A top Iranian commander has claimed the country is now a superpower and that the United States and “even greater powers will not dare do anything” to it, following the April 22 launch of Iran’s first military satellite.

In an interview with Iran’s Channel 2 last week, Amir Ali Hajizadeh, commander of the Revolutionary Guards’ Aerospace Force, said that the Iranian satellite could now pass over the United States and other countries that its planes cannot fly over.

On its official website, the IRGC said the Noor satellite successfully reached an orbit of 425 kilometers (264 miles) above the Earth’s surface.

The two-stage rocket that launched the satellite took off from Iran’s Central Desert, the IRGC said, without elaborating or saying when exactly the launch took place.

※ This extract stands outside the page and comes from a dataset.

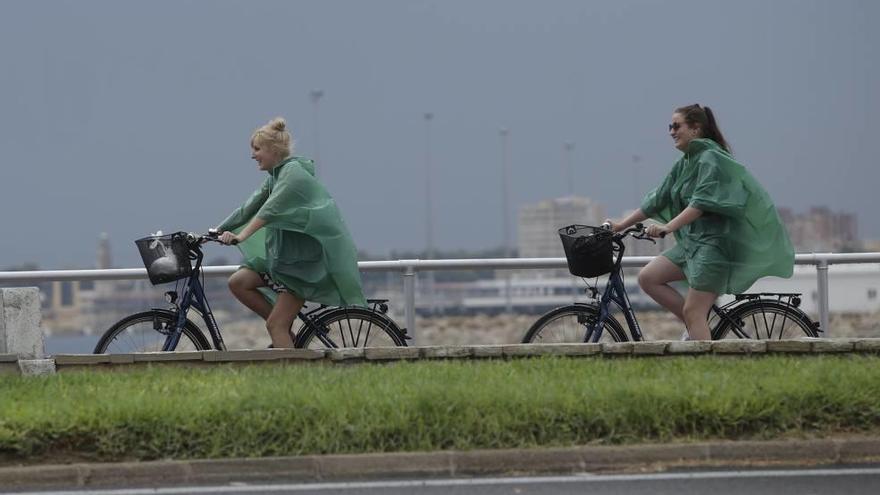 Dos turistas montan en bici con chubasqueros para cubrirse de las lluvias en Palma.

The paramilitary force said it used a Ghased, or “Messenger,” satellite carrier to put the device into space, a previously unheard-of system.

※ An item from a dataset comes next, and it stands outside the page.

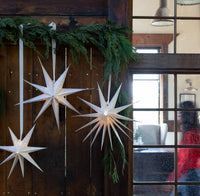 Two lit cream paper stars hanging on a rustic wood door with greenery.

“Today, space is open to all. We can get anywhere. [Noor’s] orbit passes over America and many countries over which we cannot fly planes,” Hajizadeh said, in comments translated by the Middle East Media Research Institute (MEMRI).

“Thanks to the grace of God we are a superpower today. I say this decisively. America, and even greater powers, will not dare do anything,” he continued. “With determination and strength, we promise to the Iranian nation that we will advance space technologies. We will grow stronger every day in every field, because this is what the honorable Leader ordered us to do.

“We are responsible for the military fields and we will advance them. We will grow stronger with determination, and God willing, the country will be secure, so that nobody will dare to threaten us or to even give us a threatening look.”

Despite Hajizadeh’s bluster, the head of the US Space Command said earlier this week that the Pentagon believes that Iran’s first successful launch of a military satellite into space does not pose any intelligence threat.

“Iran states it has imaging capabilities — actually, it’s a tumbling webcam in space; unlikely providing intel,” General Jay Raymond said.

Referring back to the January 3 US strike in Iraq that killed the IRGC Quds Force commander Qasem Soleimani, and the subsequent January 8 Iranian strike on US forces in Iraq, Hajizadeh said that America “has a false sense of security.”

“I do not know about Trump’s advisers. They were falsely confident that Iran would not respond [to Soleimani’s assassination]. They had been certain of this, but a few days after [Soleimani’s] martyrdom, when they felt that people were chanting slogans of revenge, they began to worry, and they said: ‘If Iran does anything we will target 52 locations!’”

Hajizadeh added that Iran had been ready to strike 400 targets if the US had responded to its missile attack on the Ayn Al-Assad base. “That was our plan. We said that they would respond within 20-30 minutes and that if they respond, we would strike 400 targets.”